TURN also asserts that its proposed accounting change will correct the erroneous treatment of revenues associated with the Rate Reduction Bonds (RRBs) authorized in AB 1890. TURN observes that the Commission's current accounting treatment does not achieve the "indifference" outcome reflected in the Commissions decisions on rate reduction bonds when TRA undercollections are accumulating. TURN also rebuffs the utilities' claim that allowing the transfer of the undercollections in the TRA to the TCBA would result to a transformation of the procurement costs currently recorded in the TRA, into transition costs, in violation of the limitations AB 1890 imposed for what qualifies for transition cost recovery. TURN contends that allowing the transfer of TRA undercollections merely reduces prior revenues recorded in the TCBA, thereby affecting only the amount of transition cost recovery achieved to date, not the amount of transition costs recorded in the TCBA. TURN also dismisses the utilities' suggestion that the accounting proposal would violate prohibition against retroactive ratemaking.

C. Responses to A.00-10-028 (TURN's Petition to Modify Resolution E-3527)

TURN filed its petition to modify on October 17, 2000. On November 9, 2000, the following parties filed written responses to the petition: CIU, CMTA, Energy Producers and Users Coalition (Coalition), Enron, Farm Bureau, Greenlining/LIF, ORA, and Western Power Trading Forum (WPTF). Parties addressing TURN's proposal through testimony and briefs in this proceeding are: Aglet, CIU, CLECA, CMTA, Edison, Enron, Farm Bureau, FEA, GSPC, Los Angeles, ORA, PG&E, San Francisco, and SMUD.

Only PG&E and Edison object to adopting of TURN's petition, termed the "TURN proposal"; all other interested parties addressing TURN's proposal urge its adoption.

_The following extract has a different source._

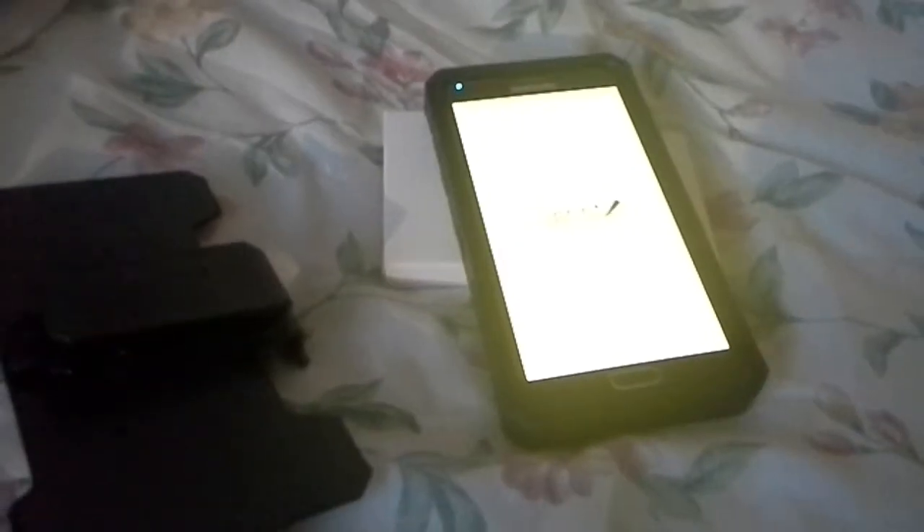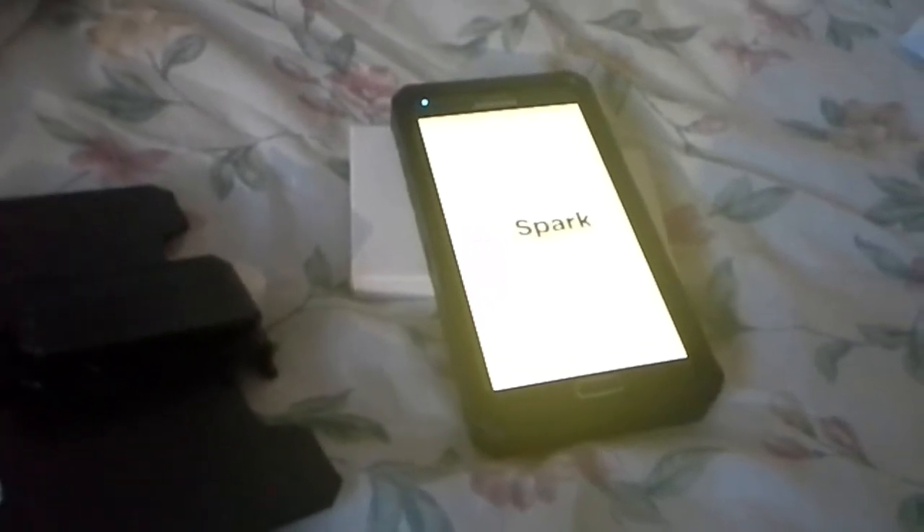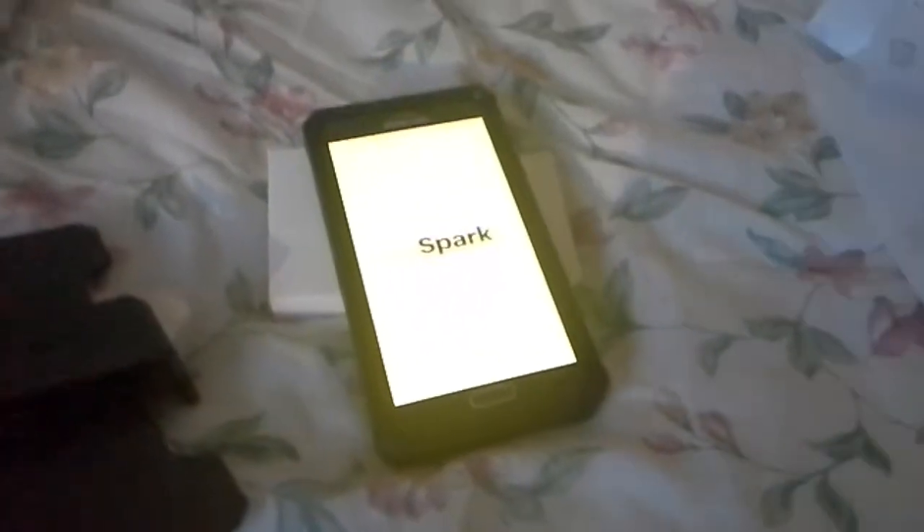It's hard to do with one hand so I'm gonna pause the video and be right back. Alright, I'm back. As you can see, I got the Sprint Galaxy Note 4 in the case.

D. Legal, Factual, and Policy Analysis of Proposal

1. Resolution E-3527 Fosters an Accounting Anomaly That Must be Corrected

Adopting the accounting change TURN seeks in A.00-10-028 corrects an anomaly that was inadvertently adopted in Resolution E-3527. Specifically, by requiring that either the debit or credit balance determined through the TRA calculation be recorded in the TCBA, we give full effect to the rate freeze principle, properly apply the matching principle, and adhere to the requirements of § 368(a). It is inconsistent and counterintuitive to continue to allow the utilities to appear to incur substantial undercollections in their operating costs on the one hand, even while they continue to record substantial amounts of transition cost recovery. As CMTA correctly points out, since the utilities were both sellers to and buyers from the PX market, the utilities simply paid the PX the difference between revenues to which they are entitled for sales into the PX and cost of power purchased from PX.21 As PG&E witness McManus' Prepared Rebuttal Testimony indicates, PG&E is not actually out of pocket by the amount of purchase power cost reflected in the TRA. Instead, it is only out of pocket the difference between the TRA costs and revenues generated from its own generation assets.22 A simple adjustment that TURN proposes eliminates an unintended consequence of our current flawed accounting mechanism. It eradicates the anomaly of allowing the utilities to claim recovery of billions of dollars in transition costs, but also claim that they cannot recover the huge sums of operating costs. This approach also properly offsets generation revenues and costs of procurement, as we discuss more fully below.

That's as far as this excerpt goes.